Bayangkan jika ilmu ekonomi yang dihasilkan para intelektual diformulasikan hanya untuk segelintir orang-orang kaya. Ilmu yang tidak mempertimbangkan kebaikan dan kebenaran sistem, yang tidak memelihara prinsip-prinsip keadilan pada mekanismenya, yang tidak menjadikan hasil pencapaiannya sebagai cermin untuk pengembangan selanjutnya, maka pada dasarnya akan mengancam kelangsungan sistem itu sendiri. Dan ketika kebijakan-kebijakan ekonomi diambil dengan menggunakan formulasi ilmu seperti ini, terbayang berapa lagi angka kemiskinan dan kerusakan ekonomi lainnya akan bertambah dari kebijakan tersebut.
Pengguna ilmu harusnya peduli dengan hal-hal seperti ini. pengguna tidak boleh seenaknya menggunakan ilmu tanpa melihat dan mempertimbangkan hasil-hasil yang berasal dari aplikasi ilmu tadi. Pengguna ilmu khususnya regulator ekonomi harus sensitif dengan implikasi penggunaan ilmu pada kebijakan-kebijakan ekonomi yang diambil mereka. Ketika regulator meningkatkan suku bunga atau mengenakan pajak (baik tinggi maupun rendah) atau menambah utang luar negeri, lebih baik regulator menimbang-nimbang berapa banyak rakyat yang akan semakin miskin, berapa dari mereka yang semakin frustrasi dengan kondisi itu, daripada mempertimbangkan berapa banyak pengusaha kaya akan semakin kaya atau berapa banyak pungli yang akan semakin dinikmati birokrat-birokrat mereka.
Seringkali saya berfikir, faktor apa yang menyebabkan intelektual modern “keukeuh” dengan keyakinan ilmu konvensional, misalnya di disiplin ilmu ekonomi, yakin dengan konsep bunga dan spekulasi serta basis pelaku homo-economicus-nya, meski berkali-kali, bukan hanya sekali-dua kali tetapi ratusan kali ekonomi dirusak oleh krisis-krisis akibat ketimpangan ekonomi dan freud disebabkan oleh systemic driven karena faktor – faktor tadi (interest-speculative base economy dan greedy). Perbaikan ekonomi yang dilakukan menyikapi krisis tadi kesannya hanya riasan saja, kebijakan mengatasi krisis tidak menyentuh akar masalah. Alih-alih menghindari krisis, ilmu ekonomi malah memasukkan krisis dalam kewajaran teori. Kesalahan ilmu berupa krisis dikamuflasekan dalam teori business cycle.

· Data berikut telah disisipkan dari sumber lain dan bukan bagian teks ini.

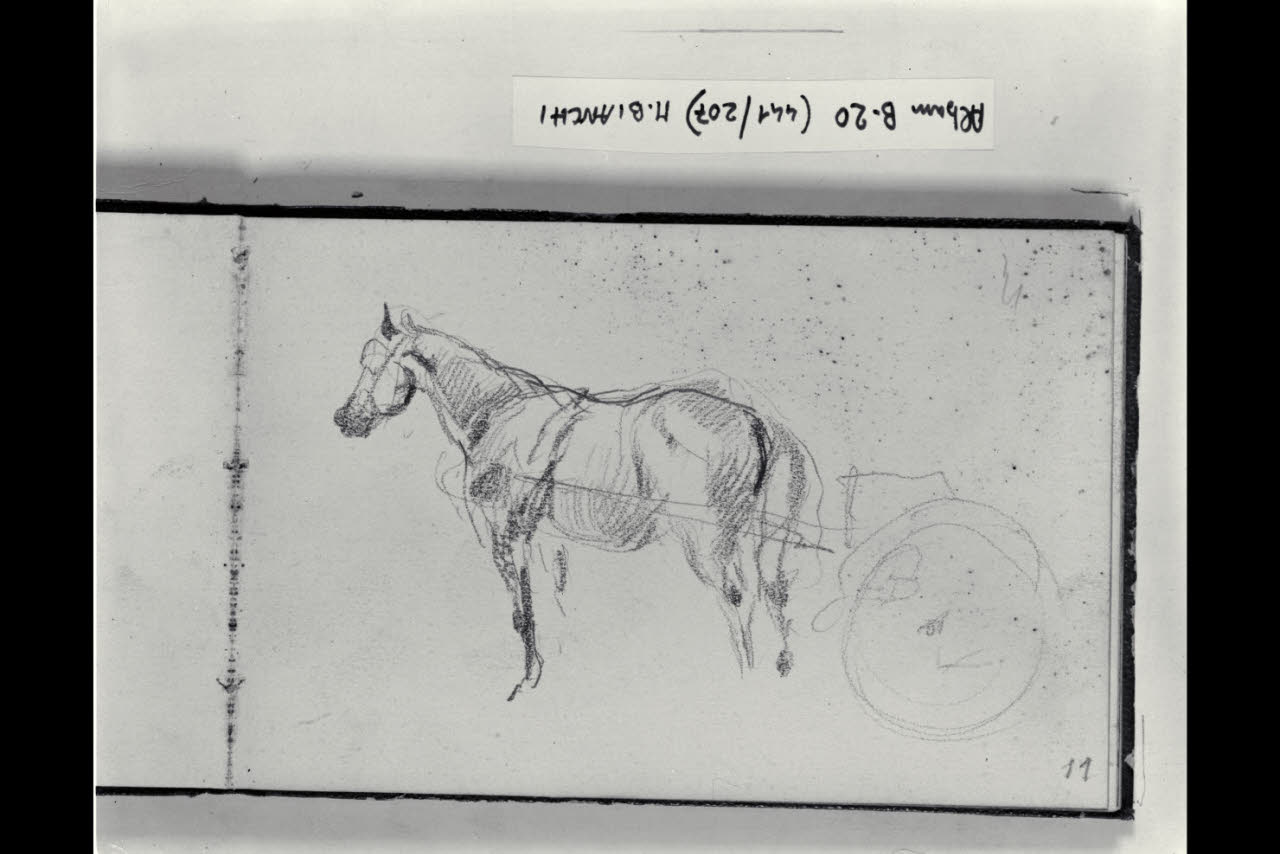 Cavallo con carretto (disegno) di Bianchi, Mosè; Bianchi, Mosè (seconda metà sec. XIX)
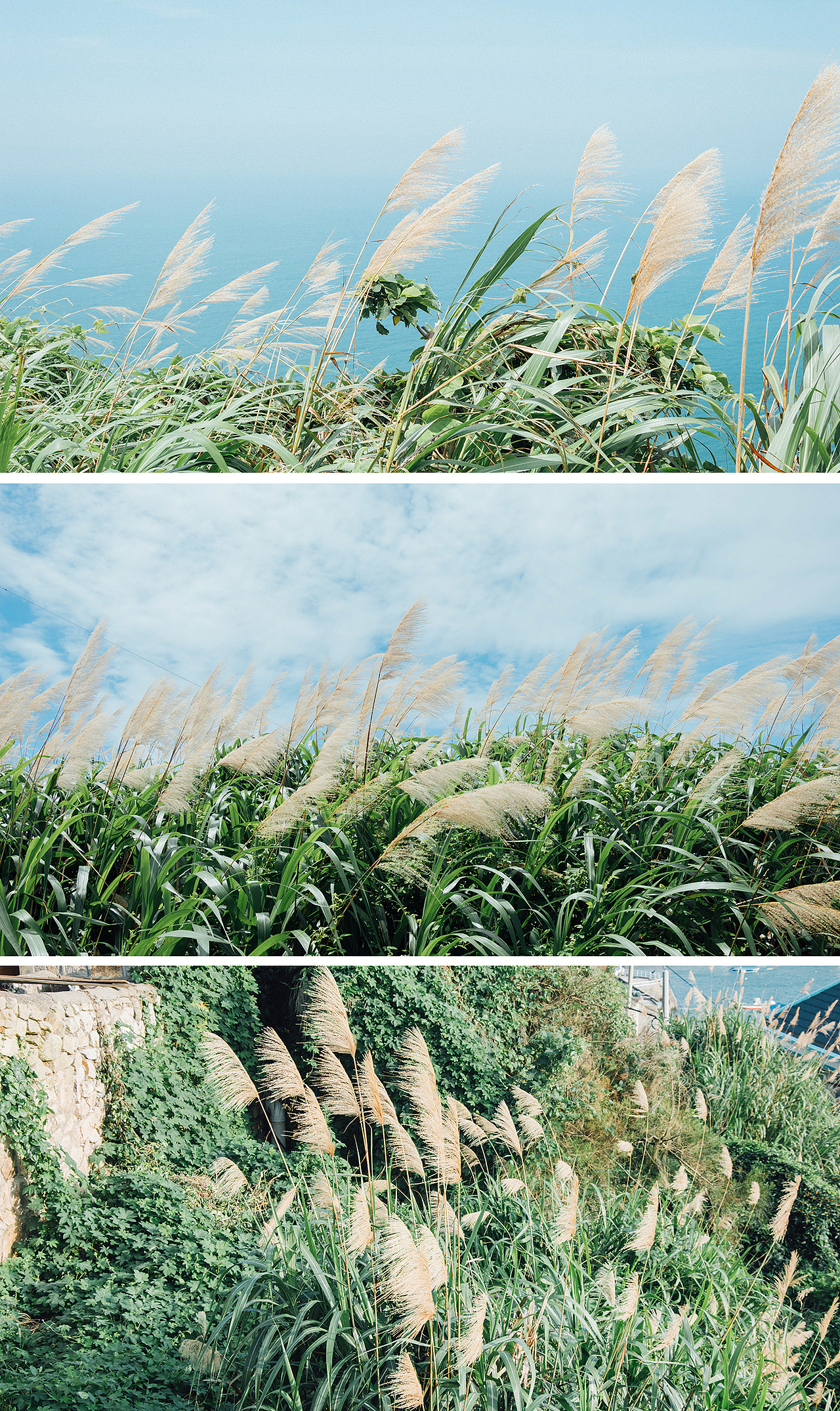 日系胶片风景调色教程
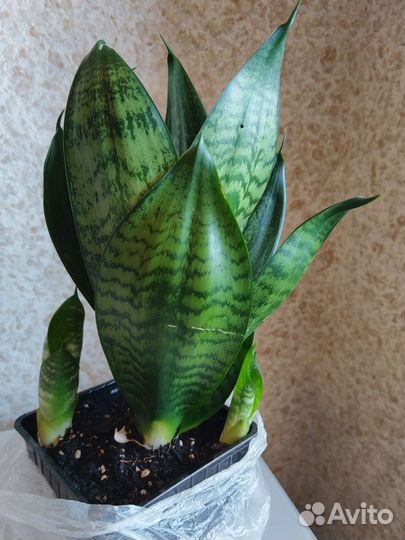 Сансевиерия, гастерия, хаворция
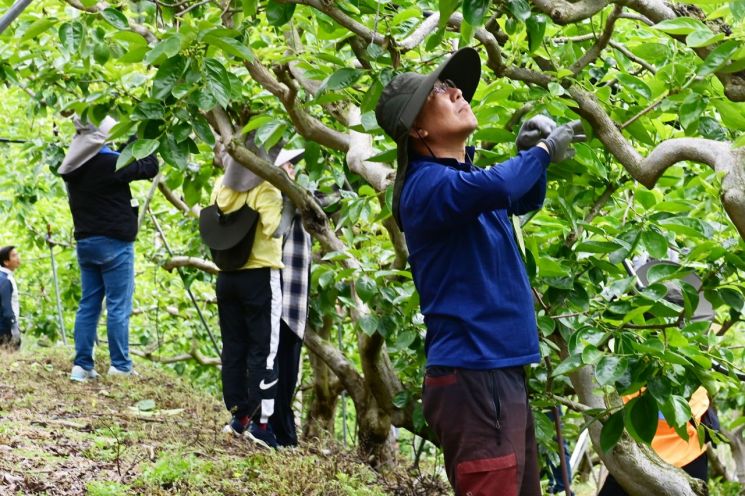 경남 진주시청 공무원들이 일손 부족 농가를 찾아 일손 돕기에 참여하고 있다.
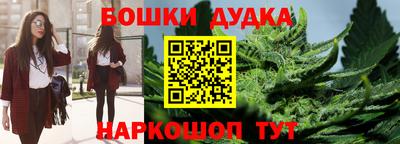 бошки Славгород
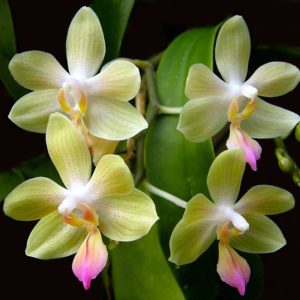 Phalaenopsis javalin (P.lindenii x P. javanica)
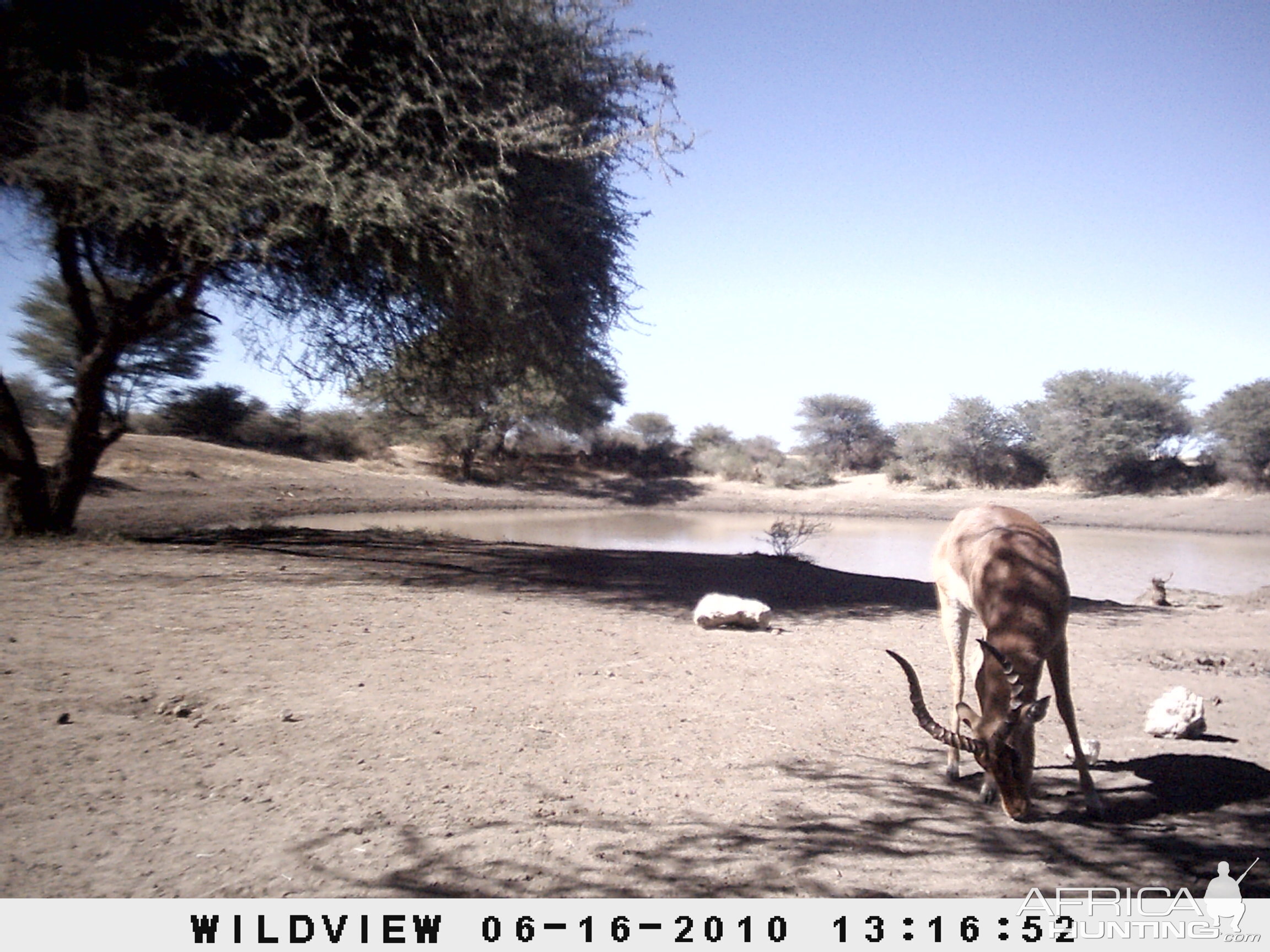 Impala, Namibia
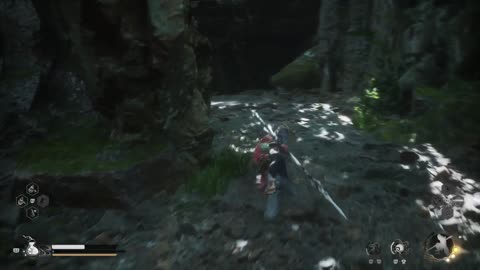 Wukong Find and Beat Fungiwomen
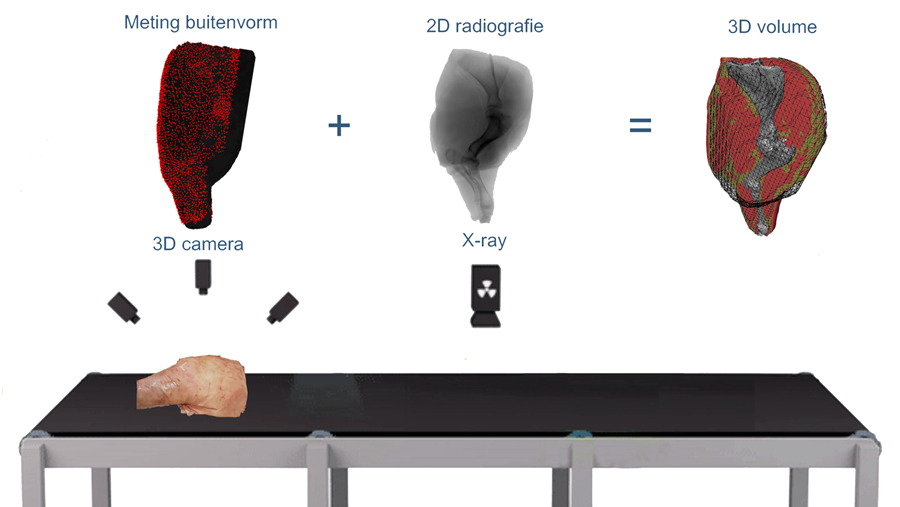 Innovatieve beeldvorming is stap vooruit voor de moderne vleesverwerking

Sayangnya, ketika ilmu ekonomi coba untuk dikoreksi menggunakan ekonomi Islam, diskursusnya lebih banyak dan dominan diwilayah aplikasi sistem, minim sekali pada wilayah prilaku ekonomi. Implikasinya, perbaikan sistem meski lambat terus terjadi. Sementara itu hampir tidak ada yang berubah pada prilaku ekonomi. Ya perjuangan masih panjang.